Timber, cattle oppose tax plan
Published 8:21 am Monday, August 11, 2003
By By Connie Nowlin Managing editor
Landowners, such as farmers, timber operators and cattlemen, are among those vehemently opposed to the proposed amendment to the state constitution.
At the crux of their opposition is the limit on current use taxation for large blocks of land.
Under the present system, land used for row crops, pasture or production of timber is taxed according to its current use.
Under the proposed amendment, the first 2,000 acres would still be taxed by current use values. But acre 2,001 and up would be taxed on its fair market value.
According to Dr. Billy Powell, vice president of the Alabama Cattlemen's Association, that puts an undue burden on cattlemen, timber interests and farmers.
"True, 200 acres are exempt (under the amendment) from property taxes, provided the farmer lives on part of it," Powell said. "But at the 11th hour it changed and it was added that 2,000 acres could be taxed at current use level. But at 2,001 acres, the one acre would be taxed at market value, assessed at 100 percent. You can't pay $35 an acre and farm."
Powell said Alabama has enjoyed a lot of green space because current use taxation allows families to retain large blocks of land. He said many producers feel that the change would represent a significant change in property rights, forcing families to sell land that had been farmed or cut for timber because they could no longer afford the taxes.
But in an appearance in Flomaton Thursday, Gov. Bob Riley said that only 1.4 percent of landowners would be impacted by the 2,000 acre current use taxation change, that the other producers in the state would see no change and their taxes may go down, siting the 200-acre exemption.
Riley said he was tired of people saying he was killing farms.
He said the large timber interests have had preferred treatment for 100 years and that if the changes are enacted, timber companies would still pay the lowest taxes in the nation.
But local timberman Wilson Johnson doesn't see it that way.
"A big landowner provides a lot of jobs," he said. The increase would be a hardship on companies that have large blocks of timber.
"That would be a heavy burden on a company with 100,000 acres.

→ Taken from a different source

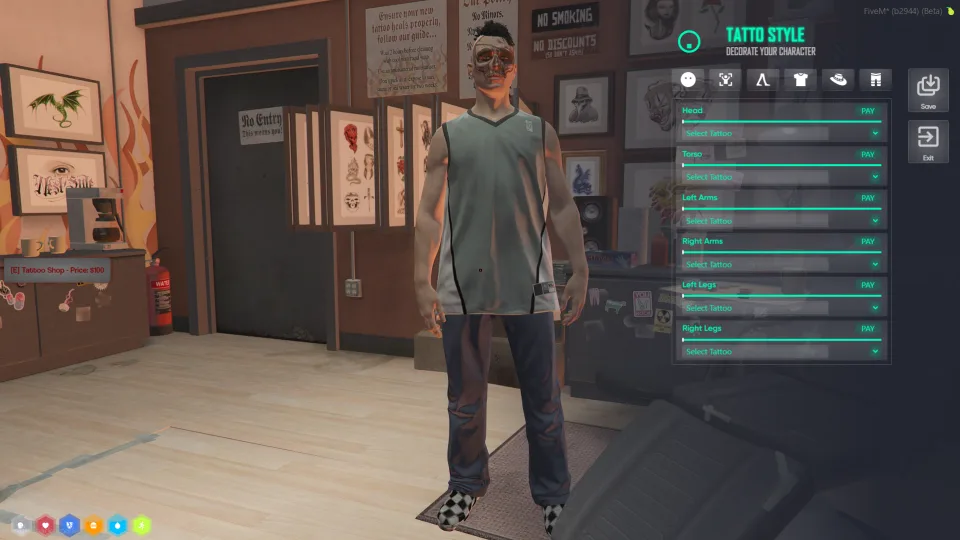 Illenium Appearance Reskin - NoPixel Clothing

They stimulate the economy through jobs and employment, and they can't compete in the markets now," he said.
Johnson said he believes in current use taxation and that the state could generate the money it needs some other way.
Powell agreed, saying he knows there is a real crisis.
"But our folks would like to be included early on in the forming of a solution. We would appreciate the opportunity to express our concerns and make a compromise before it is thrown into the political hopper."